*INSTRUCTIONS FOR THE TASK*: Go through the data below and copy it exactly, skipping every picture.

*RECORDED INFORMATION*:
# # # #

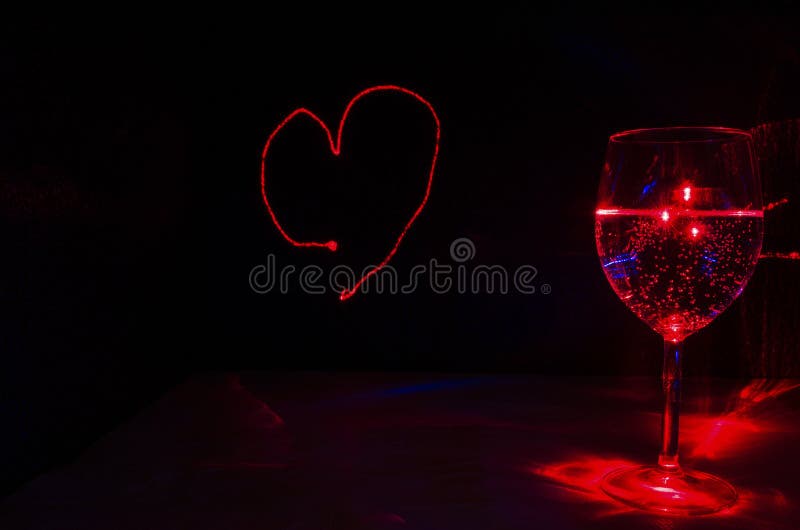 Gezogenes Liebeszeichen Lasers mit Glas des Blasengetränks für Partei und Feier des Valentinsgrußtages lizenzfreie stockbilder Gezogenes Liebeszeichen Lasers mit Glas des Blasengetränks für Partei und Feier des Valentinsgrußtages lizenzfreie stockbilder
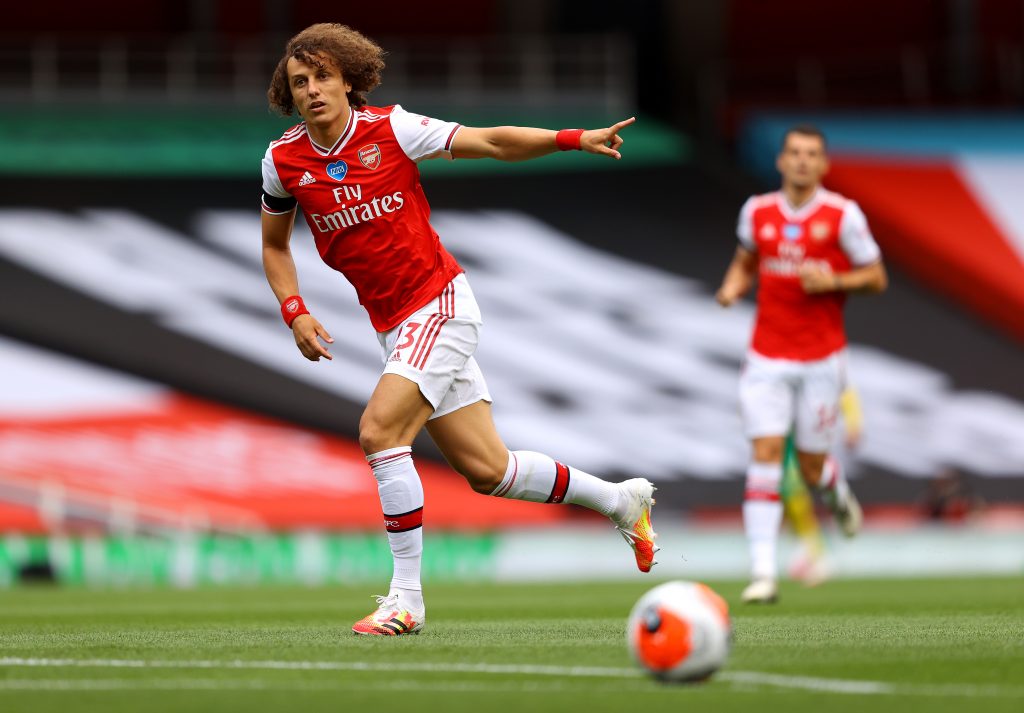 LONDON, ENGLAND - JULY 01: David Luiz of Arsenal gives instructions during the Premier League match between Arsenal FC and Norwich City at Emirates Stadium on July 01, 2020 in London, England. Football Stadiums around Europe remain empty due to the Coronavirus Pandemic as Government social distancing laws prohibit fans inside venues resulting in all fixtures being played behind closed doors. (Photo by Richard Heathcote/Getty Images)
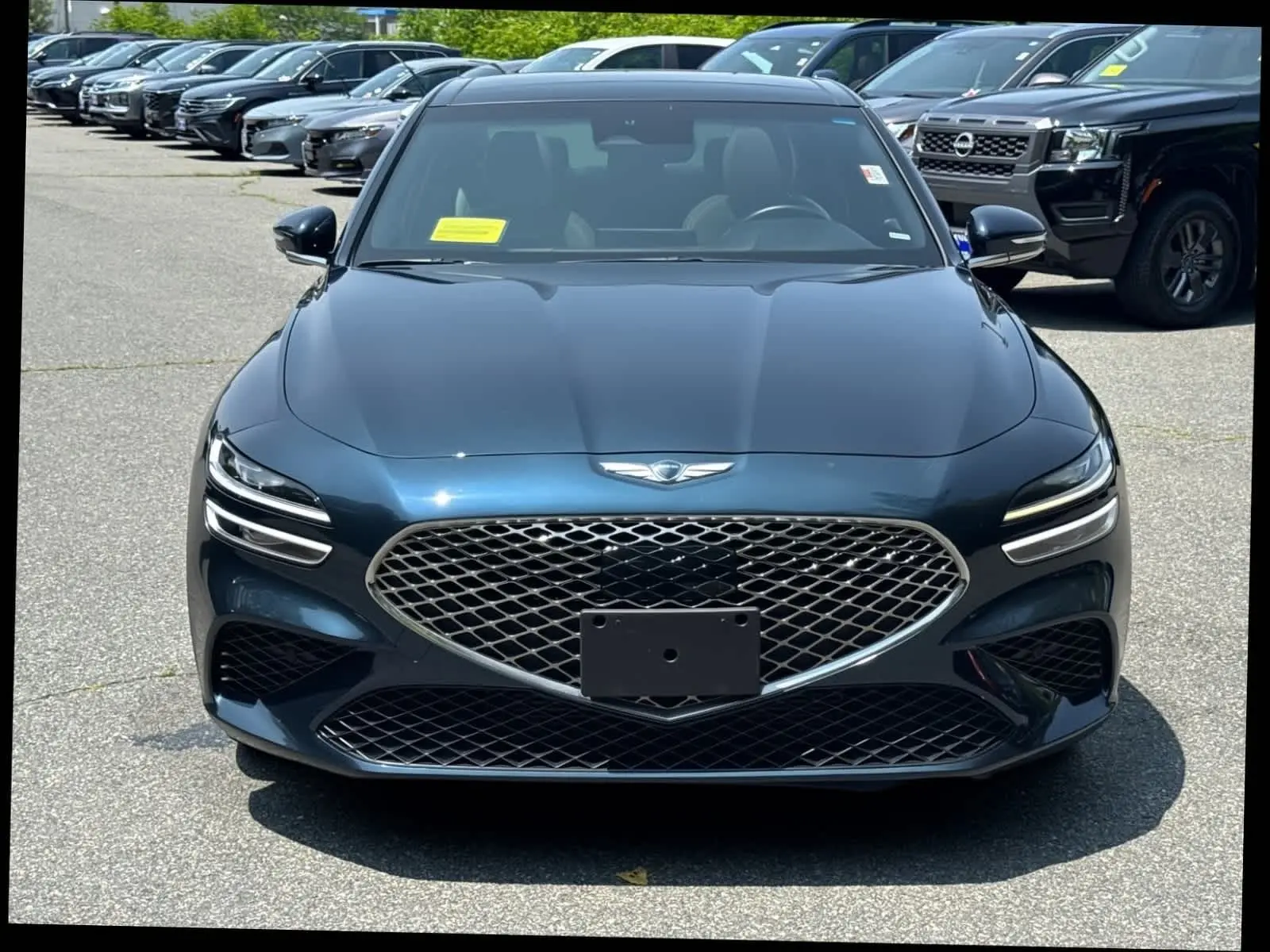 2022 Genesis G70 2.0T photo 35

# # # #

*RESPONSE BOX*:
 Gezogenes Liebeszeichen Lasers mit Glas des Blasengetränks für Partei und Feier des Valentinsgrußtages lizenzfreie stockbilder Gezogenes Liebeszeichen Lasers mit Glas des Blasengetränks für Partei und Feier des Valentinsgrußtages lizenzfreie stockbilder
 LONDON, ENGLAND - JULY 01: David Luiz of Arsenal gives instructions during the Premier League match between Arsenal FC and Norwich City at Emirates Stadium on July 01, 2020 in London, England. Football Stadiums around Europe remain empty due to the Coronavirus Pandemic as Government social distancing laws prohibit fans inside venues resulting in all fixtures being played behind closed doors. (Photo by Richard Heathcote/Getty Images)
 2022 Genesis G70 2.0T photo 35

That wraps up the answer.